MQSeries.net :: View topic

Jeff.VT · Posted: Mon Aug 19, 2024 4:35 pm Post subject:

There's probably going to be a lot of "but why are you doing that" in this post, but the answer is "because that's the way we do it".

3 Queue Managers on the same 2-node Windows Failover Cluster.

QM1 - The 'gateway' / hub
- Is an MQ Cluster Full Repository
- QM2 and QM3 are not part of that Cluster

QM2
- QM2-SND1 - Connects to QM1 via Sender Channel for production traffic
- QM2-RCV1 - Connected to by QM1 for production traffic
- QM2-SND2 - Connects to QM1 via Sender Channel for 'Administrative' traffic
- also connects to an MQ Cluster at a third party, if it matters

QM3
- QM3-SND1 - Connects to QM1 via Sender Channel for production traffic
- QM3-RCV1 - Connected to by QM1 for production traffic
- QM3-SND2 - Connects to QM1 via Sender Channel for 'Administrative' traffic
- also connects to a different MQ Cluster at a third party, if it matters

We recently upgraded from 9.3.0.17 to 9.4.0.0

When we came back up, QM2-SND1, QM2-SND2 QM3-SND1, and QM3-SND2 all failed to connect to QM1 right when they came back up. Unknown why, just some weird network fluke. All 4 of these channels connect to the same DNS Name & Port.

QM2-RCV1, QM3-RCV1 both connected fine.

Here's what's strange...

Both QM2-SND1 and QM3-SND1 are configured for
- 60 Second Short Retry Interval
- 10 Count Short Retries
- 1200 Second Long Retry Interval

Both QM2-SND2 and QM3-SND2 are configured for
- 60 Second Short Retry Interval
- 10 Count Short Retries
- 300 Second Long Retry Interval

On *BOTH* QM2 and QM3, SND2 channel retried for 60 seconds, the short retry interval. And both connected.

BUT on *BOTH* QM2 and QM3, SND1 channel retried for the LONG retry Interval, and reconnected after 20 minutes.

All other clustered and non-clustered channels started without a hitch. And those that didn't on the QM1, all used Short Retry interval.

After a restart - where I guess I may have assumed all Retry Counts should be reset to their defaults.
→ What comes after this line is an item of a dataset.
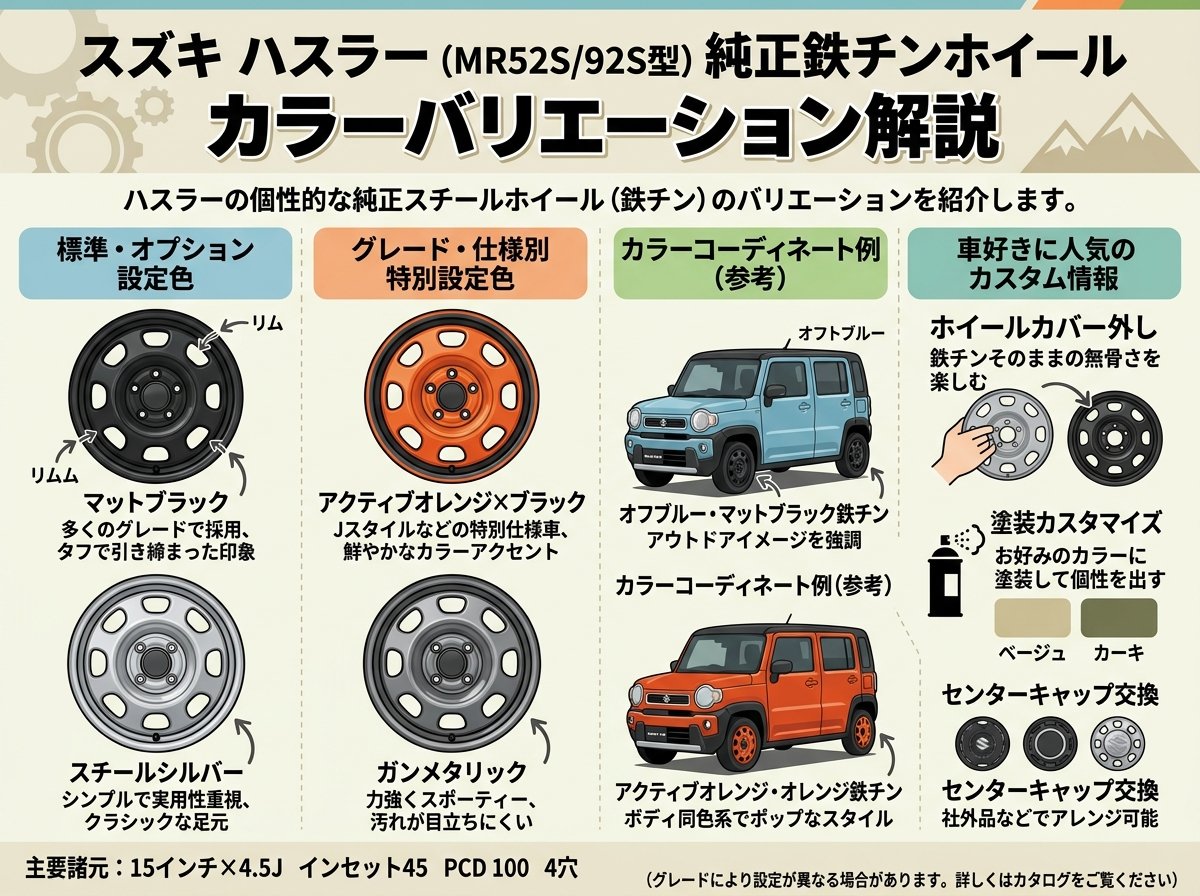 スズキハスラーの純正鉄チンホイールのカラーバリエーション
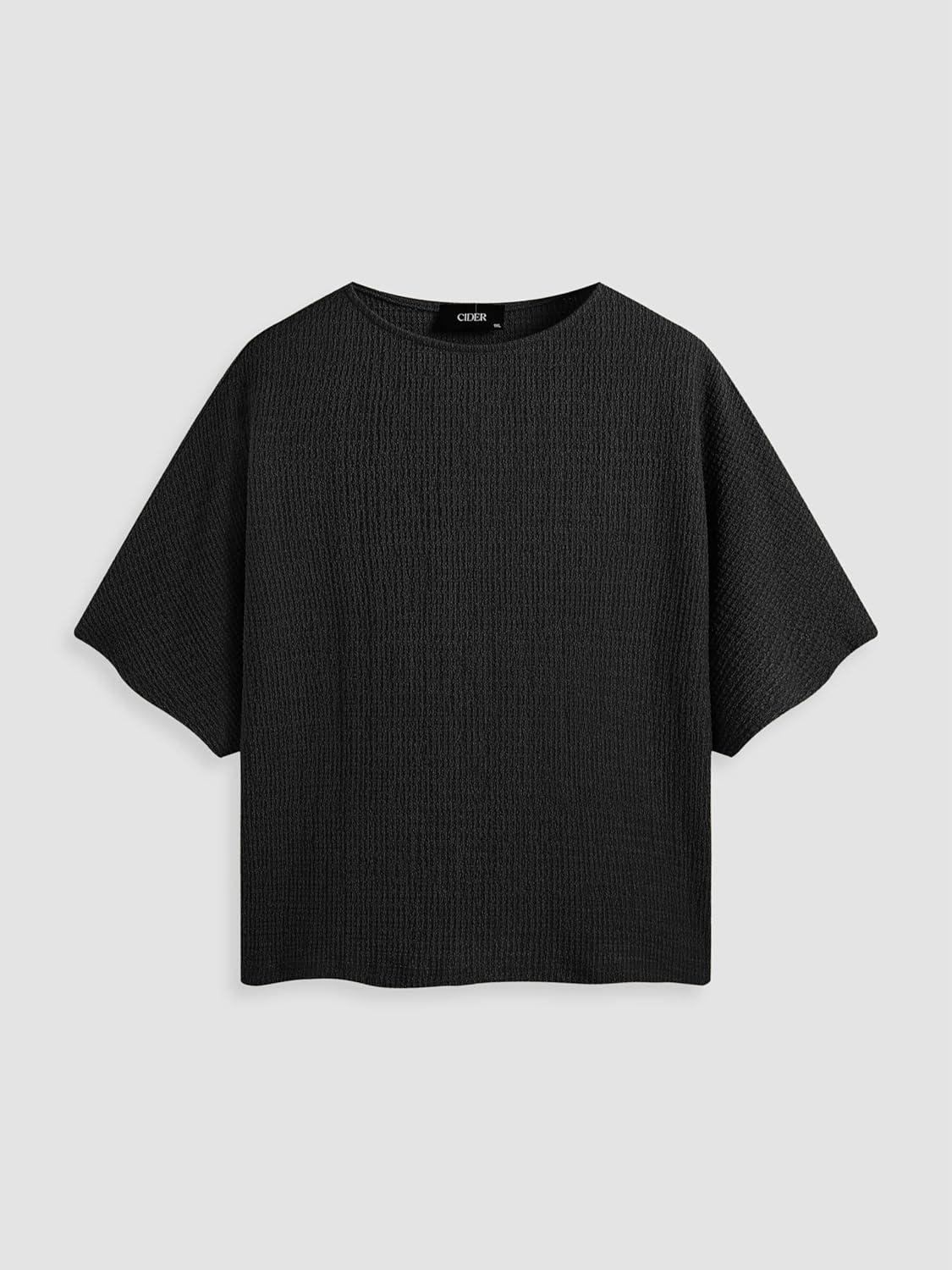 imageCIDER Round Neckline Textured Knotted Short Sleeve Tee Curve ampamp PlusBlack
I've since just changed these values to 10x10sec, and 60 seconds long retry, so it shouldn't ever cause a major problem in the future. I just never thought that a Queue Manager connecting to another Queue Manager hosted on the same server as itself would have a network problem where it would need to ever get to long retries - it was certainly a miss by me, but still seems weird that it got into long retries at all.

Is this expected behavior? Or is this a bug?

Edit: I was looking into the past behavior, and it seems like QM2 and QM3 often have trouble connecting to QM1 after a failover, and they go into Short Retries to connect. That was on 9.3.0.17.